* _What the task asks_
Could you retype all of the entries exactly, without their pictures?

* _Extracted records_
-=-=-=-=-

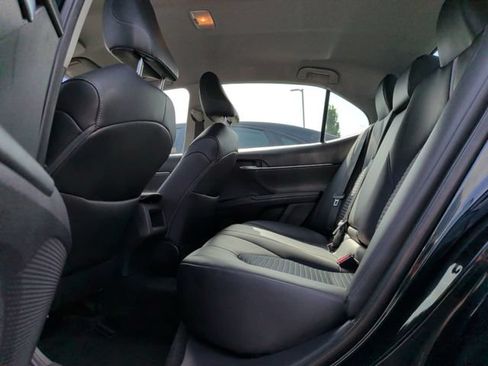 Used 2018 Toyota Camry SE FWD image 22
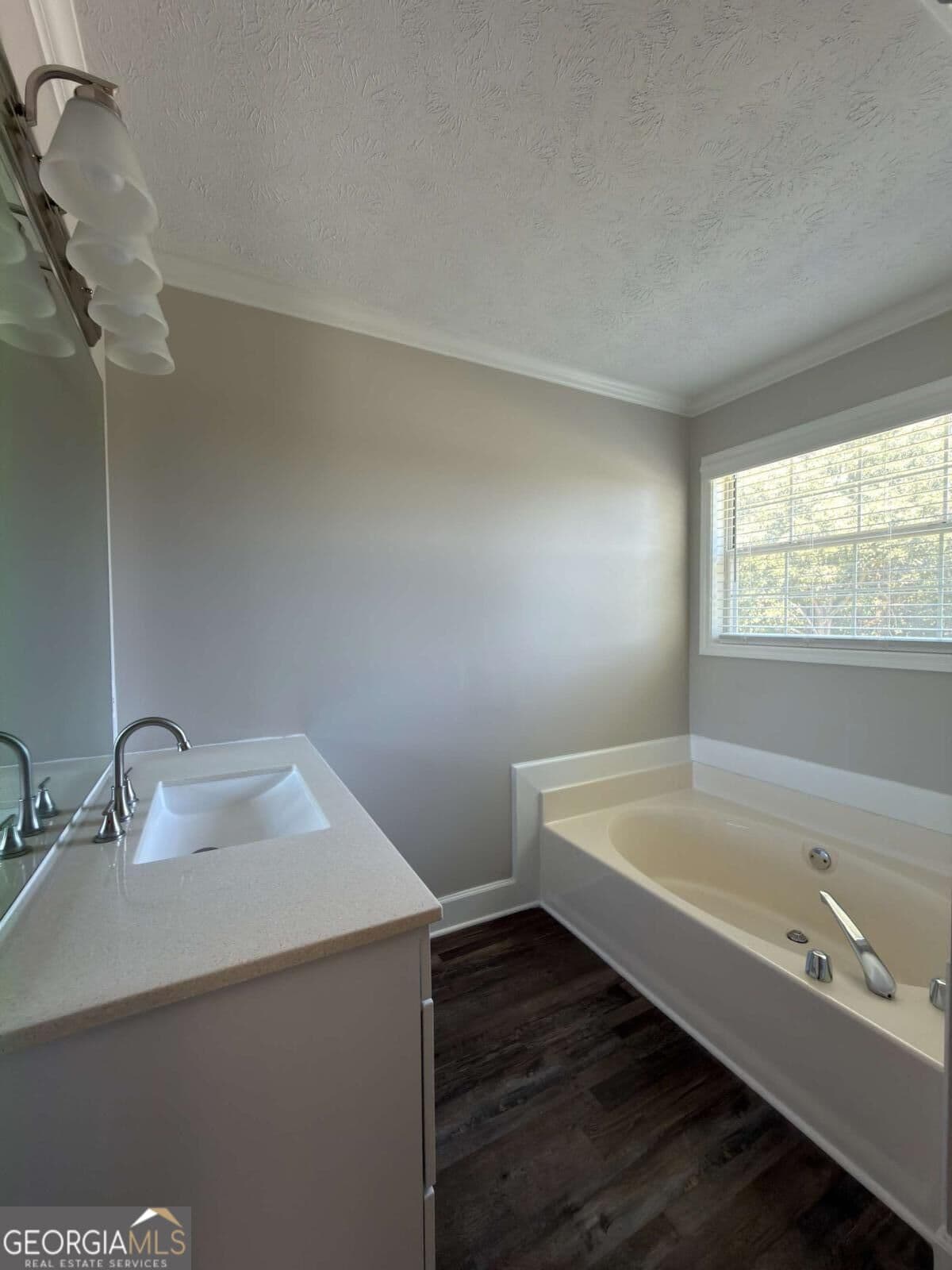 3 bedroom, 2 bathroom single family residence for rent at 252 Thorn Brook Circle, Bethlehem, GA 30620 for $2,000 a month — photo 9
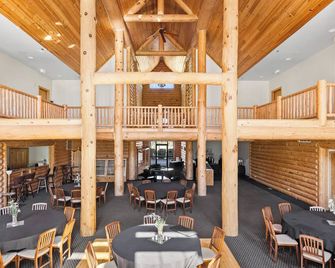 Rustic, Updated 2bed/2bath condo with WiFi and AC in beautiful Green Lake - Green Lake - Restaurante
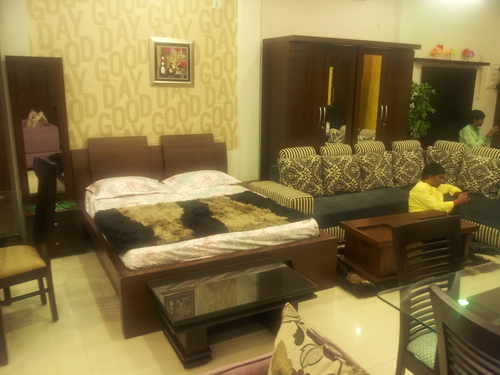 BEDROOM SET
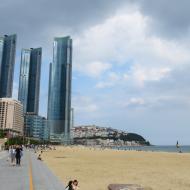 Vi går langs stranden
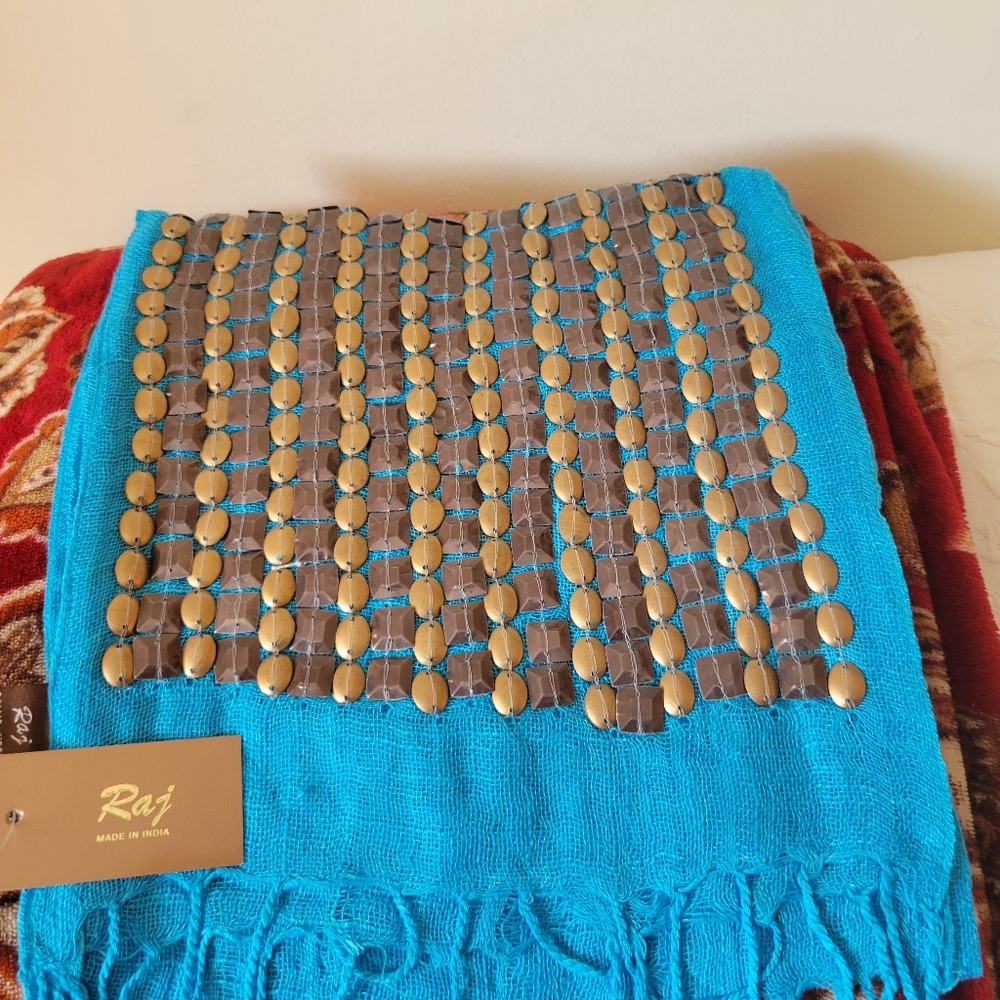Raj Turquoise and Gold Beaded Wrap. NWT.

-=-=-=-=-

* _Solution to this exercise_
 Used 2018 Toyota Camry SE FWD image 22
 3 bedroom, 2 bathroom single family residence for rent at 252 Thorn Brook Circle, Bethlehem, GA 30620 for $2,000 a month — photo 9
 Rustic, Updated 2bed/2bath condo with WiFi and AC in beautiful Green Lake - Green Lake - Restaurante
 BEDROOM SET
 Vi går langs stranden
Raj Turquoise and Gold Beaded Wrap. NWT.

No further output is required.